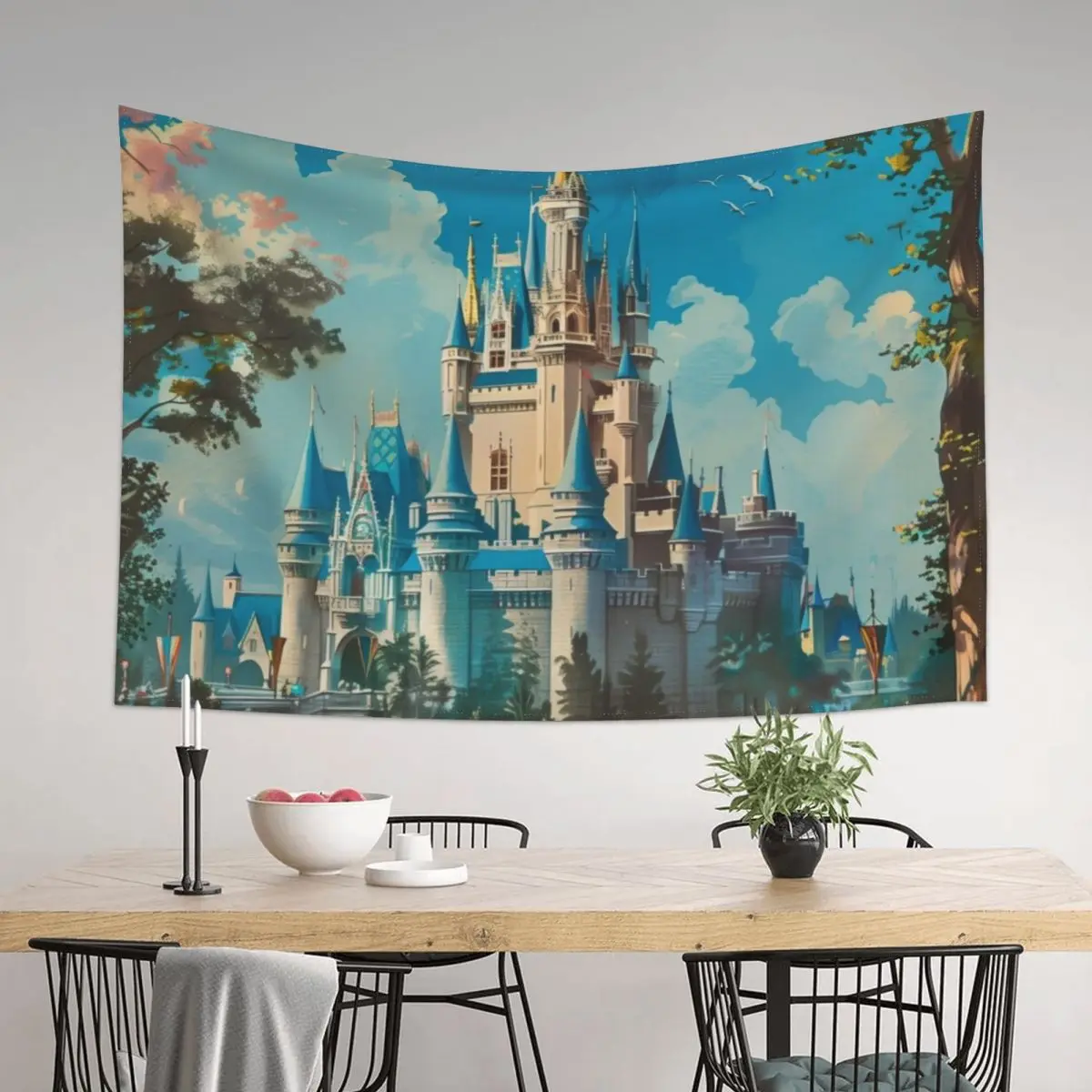 

Vintage Fairytale Castle Tapestry Wall Carpet House Decorations For Bedroom Korean Room Decor Tapestry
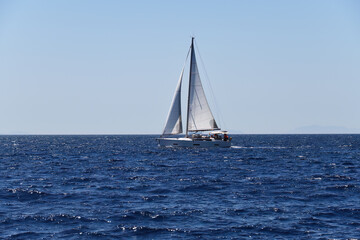 Fototapeta premium Sailing ship yacht in Aegean Sea. Turkey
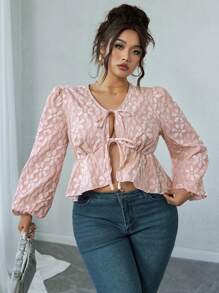 Flirla Blusa con mangas de farol, dobladillo con volantes, cierre delantero con lazo, diseño jacquard floral, talla grande, otoño - Rosa - Ver 6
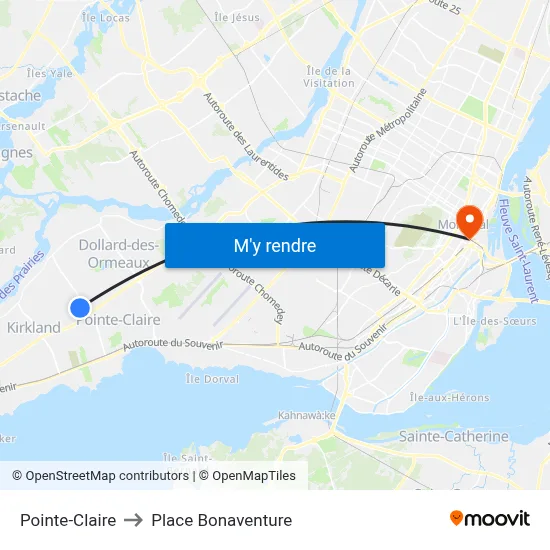 Pointe-Claire to Place Bonaventure map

Work instruction: From the line that contains "Fototapeta premium Sailing" down to the last line of the material above, every line must be repeated exactly, with pictures removed and both end lines included.

Written reply:
 Fototapeta premium Sailing ship yacht in Aegean Sea. Turkey
 Flirla Blusa con mangas de farol, dobladillo con volantes, cierre delantero con lazo, diseño jacquard floral, talla grande, otoño - Rosa - Ver 6
 Pointe-Claire to Place Bonaventure map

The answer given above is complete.